Que en su infancia estaba invadida por una fuerza de voluntad difícil de encontrar a esa edad, y que nunca lloraba cuando se caía, cuando los ejercicios no salían bien. Nunca lloraba, pero se enojaba mucho y seguía practicando en los aparatos varias horas más de lo que su entrenador le exigía, hasta que se superaba, hasta que se acercaba un poco más a esa “posición perfecta del cuerpo”. “Bela era duro conmigo, pero yo había establecido una estrategia de defensa. Por ejemplo: si sabía que podía hacer quince largos de piscina, a él le decía que me veía capaz de hacer diez; ¡así me quedaban cinco de reserva! No me pudo destrozar porque nunca supo dónde estaban mis verdaderos límites, nunca los desvelé”, escribe en su autobiografía “Cartas a una gimnasta joven”. En un pasaje de ese mismo libro, publicado en 2003, aparece la frase más terrenal de esta historia: “La perfección solo dura un instante”. Un anticipo de lo que vino después.
¿Qué pasó después de Montreal? Nadia se transformó en heroína de un país, de un régimen dictatorial dominado por Nicolae Ceausescu, y ahí empezó el declive. En 1977 la separaron de su entrenador y la mandaron a la capital, Bucarest. “Nadia empezó a crecer y a engordar: su cuerpo se desarrollaba al mismo tiempo que comía cosas que hasta ese momento tenía prohibidas. Aumentó casi nueve kilos. Y cuando logró perder la mitad, la prensa la describió como ‘terriblemente demacrada’. Periódicos del mundo hablaron de dietas severas y peligrosas, de intento de suicidio (que ella negó), y —a pesar de que ganó los Europeos tres veces consecutivas— de que su carrera estaba terminada, cuando se cayó de las asimétricas en un campeonato mundial”, escribe Lissardy.
Tres años después, en 1980, compitió en los Juegos Olímpicos de Moscú. Ganó el oro en la barra de equilibrio y en el suelo, y la plata en concurso general femenino. Aun así parece que no bastó, que para la Federación Rumana de Gimnasia fue una derrota, porque finalmente el equipo ganador fue el soviético. En 1981, Comaneci se retiró de las competencias y realizó un viaje de exhibición a Estados Unidos con sus antiguos entrenadores, Bela y Marta, que en medio de la gira desaparecieron y nunca regresaron a Rumania. Cuando volvió, sola, a su país, fue encerrada, vigilada, e incluso hay versiones de que fue violada por el hijo del dictador Ceausescu, que ella niega antes de aclarar que no quiere retomar ese fragmento del pasado.

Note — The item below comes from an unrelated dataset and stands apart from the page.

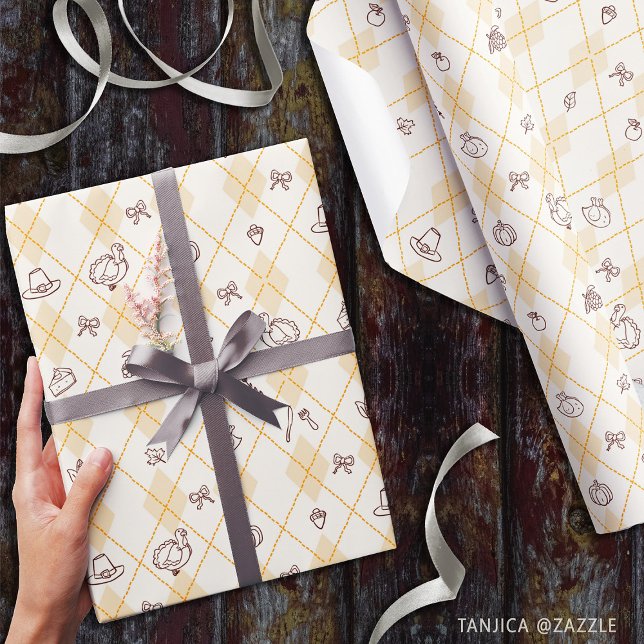 Cute Thanksgiving Doodles Diamond Mönster Presentpapper (Skapare uppladdad)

Entonces en 1989, a los 28 y a escondidas, se fugó; caminó toda una noche con un grupo de extraños y atravesó el bosque helado del noroeste rumano para llegar a Hungría, después a Austria y así pedir asilo político en Estados Unidos.
Hasta principios de los 90 vivió en Canadá, y en 1991 se mudó a Norman, Oklahoma, por invitación del también gimnasta olímpico Bart Conner y con el fin de trabajar juntos en la Academia Conner de Gimnasia. Con él se casó, tuvo un hijo, y continúa trabajando hasta hoy. Además preside varios consejos vinculados a la salud, el deporte y la gimnasia en particular; da conferencias en distintos rincones del mapa, escribe en la revista International Gymnast Magazine; dirige la productora de televisión Perfect 10 Production y conforma fundaciones filantrópicas, como la Nadia Comaneci Foundation, que, desde Bucarest, trabaja para volcar las habilidades del deporte a la vida educativa de familias rumanas.